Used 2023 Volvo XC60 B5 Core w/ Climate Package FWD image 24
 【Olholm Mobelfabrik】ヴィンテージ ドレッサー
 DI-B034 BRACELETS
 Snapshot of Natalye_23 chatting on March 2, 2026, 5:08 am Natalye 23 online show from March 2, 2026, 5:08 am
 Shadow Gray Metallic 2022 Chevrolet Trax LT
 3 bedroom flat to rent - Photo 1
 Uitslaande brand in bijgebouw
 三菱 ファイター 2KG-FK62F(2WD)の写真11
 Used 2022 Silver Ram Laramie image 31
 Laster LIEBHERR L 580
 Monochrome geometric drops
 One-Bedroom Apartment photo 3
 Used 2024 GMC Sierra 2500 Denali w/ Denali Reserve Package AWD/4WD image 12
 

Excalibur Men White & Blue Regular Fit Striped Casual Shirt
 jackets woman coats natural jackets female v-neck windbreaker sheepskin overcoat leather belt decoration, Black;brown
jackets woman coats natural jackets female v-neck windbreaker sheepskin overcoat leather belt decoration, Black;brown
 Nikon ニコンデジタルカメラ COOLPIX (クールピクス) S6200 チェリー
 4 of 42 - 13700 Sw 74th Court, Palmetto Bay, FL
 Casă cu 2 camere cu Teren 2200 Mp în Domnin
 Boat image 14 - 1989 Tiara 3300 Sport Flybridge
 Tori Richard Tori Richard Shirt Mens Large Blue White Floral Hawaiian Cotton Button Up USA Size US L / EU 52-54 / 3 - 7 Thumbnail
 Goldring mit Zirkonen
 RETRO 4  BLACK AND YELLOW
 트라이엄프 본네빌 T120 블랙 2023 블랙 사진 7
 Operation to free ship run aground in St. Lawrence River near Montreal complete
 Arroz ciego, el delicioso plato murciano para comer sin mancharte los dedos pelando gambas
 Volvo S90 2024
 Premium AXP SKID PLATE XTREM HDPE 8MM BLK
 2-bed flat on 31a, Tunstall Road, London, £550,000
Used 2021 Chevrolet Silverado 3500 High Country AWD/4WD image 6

----------------------------------------

**Exercise details**
Quote each line of the listing above exactly.

**Response to the task**
Used 2023 Volvo XC60 B5 Core w/ Climate Package FWD image 24
 【Olholm Mobelfabrik】ヴィンテージ ドレッサー
 DI-B034 BRACELETS
 Snapshot of Natalye_23 chatting on March 2, 2026, 5:08 am Natalye 23 online show from March 2, 2026, 5:08 am
 Shadow Gray Metallic 2022 Chevrolet Trax LT
 3 bedroom flat to rent - Photo 1
 Uitslaande brand in bijgebouw
 三菱 ファイター 2KG-FK62F(2WD)の写真11
 Used 2022 Silver Ram Laramie image 31
 Laster LIEBHERR L 580
 Monochrome geometric drops
 One-Bedroom Apartment photo 3
 Used 2024 GMC Sierra 2500 Denali w/ Denali Reserve Package AWD/4WD image 12
 

Excalibur Men White & Blue Regular Fit Striped Casual Shirt
 jackets woman coats natural jackets female v-neck windbreaker sheepskin overcoat leather belt decoration, Black;brown
jackets woman coats natural jackets female v-neck windbreaker sheepskin overcoat leather belt decoration, Black;brown
 Nikon ニコンデジタルカメラ COOLPIX (クールピクス) S6200 チェリー
 4 of 42 - 13700 Sw 74th Court, Palmetto Bay, FL
 Casă cu 2 camere cu Teren 2200 Mp în Domnin
 Boat image 14 - 1989 Tiara 3300 Sport Flybridge
 Tori Richard Tori Richard Shirt Mens Large Blue White Floral Hawaiian Cotton Button Up USA Size US L / EU 52-54 / 3 - 7 Thumbnail
 Goldring mit Zirkonen
 RETRO 4  BLACK AND YELLOW
 트라이엄프 본네빌 T120 블랙 2023 블랙 사진 7
 Operation to free ship run aground in St. Lawrence River near Montreal complete
 Arroz ciego, el delicioso plato murciano para comer sin mancharte los dedos pelando gambas
 Volvo S90 2024
 Premium AXP SKID PLATE XTREM HDPE 8MM BLK
 2-bed flat on 31a, Tunstall Road, London, £550,000
Used 2021 Chevrolet Silverado 3500 High Country AWD/4WD image 6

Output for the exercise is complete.